If I’m projecting a good 2022-23 season for Klimovich, I am looking at a few targets that he needs to hit. First off, you want to continue to see shot attempts and shots on net from the Belarusian sniper. Something like 140 shots or 3.5 shots a game should be a goal. Speaking of goals, you’d like to see Klimovich score at least a dozen goals next season. He has so many bad bounces or stretches of tough luck that a dozen feels very doable for the kid.
Finally, you need to see more consistency in a couple of departments.
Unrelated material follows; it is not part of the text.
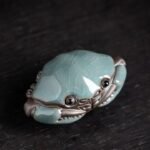 Handcrafted Ru Kiln Celadon Crab Tea Pet | Crackle Glaze Chinese Tea Table Decor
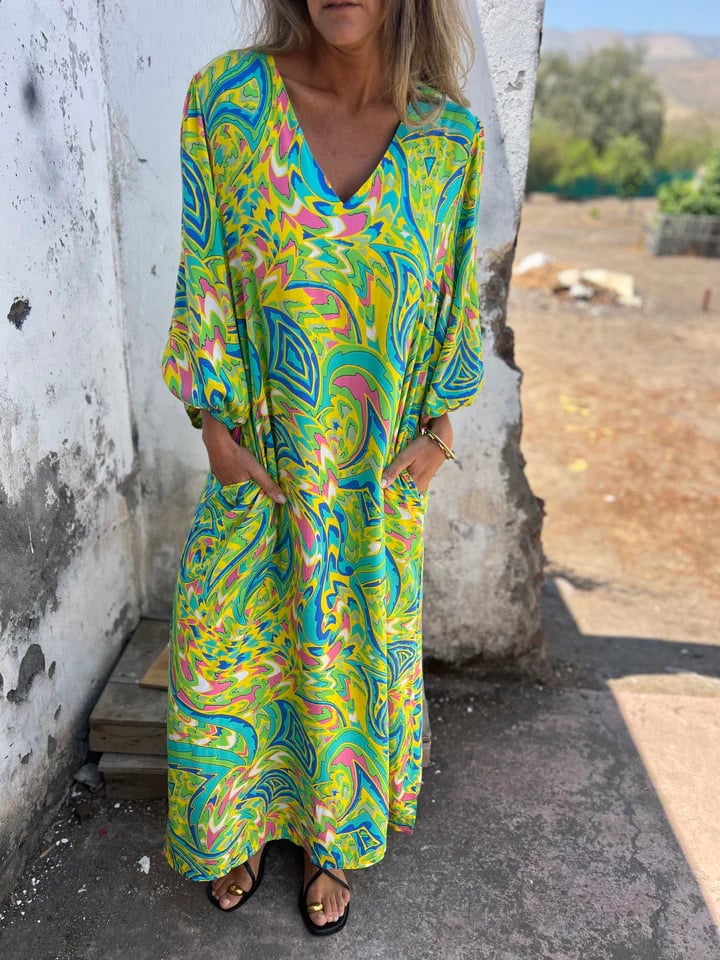 Evelyn | Maxi Summer Dress with Boho Print and V-Neck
Klimovich needs to have a more consistent release on his shot, he often fans on pucks when he is in a quality shooting area and if he can get with a shooting coach and hone in his raw talent, his shot could be NHL-ready by the time the offseason is over. The other area is going to be in the defensive zone. He is too big of a body to be floating in his own zone. Klimovich is going to struggle to crack the Vancouver Canucks’ top-six lineup but there will be a bottom-six landing spot in the NHL if he learns to work hard as the aforementioned Podkolzin does.
All in all, we’re still quite impressed by Klimovich’s rookie season. He was the youngest player in the AHL and nearly cracked 20 points on the season. The debate between the QMJHL and AHL was something that Ryan Johnson talked about in his end-of-season availability — he mentioned that Klimovich needed to work on developing good habits for pro hockey instead of just putting up a ton of points in junior hockey. We all know that Klimovich would have physically dominated players in the QMJHL. He needed to learn what pro hockey in North America is like and to do that as an 18-year-old is a very impressive feat.
He may not have lit the league on fire in his rookie season but he definitely earned some respect from everyone in the AHL for what he was able to accomplish as a player who couldn’t even order a beer after a home game until 22 games into the season.
The work is not in front of Klimovich and we are happy to hear that he is staying here in Vancouver and looking forward to getting to work with the Canucks on his development. Let’s see what he looks like at training camp next year and if the offseason coaching was enough to fix some of his issues and unlock some of his high-end potential.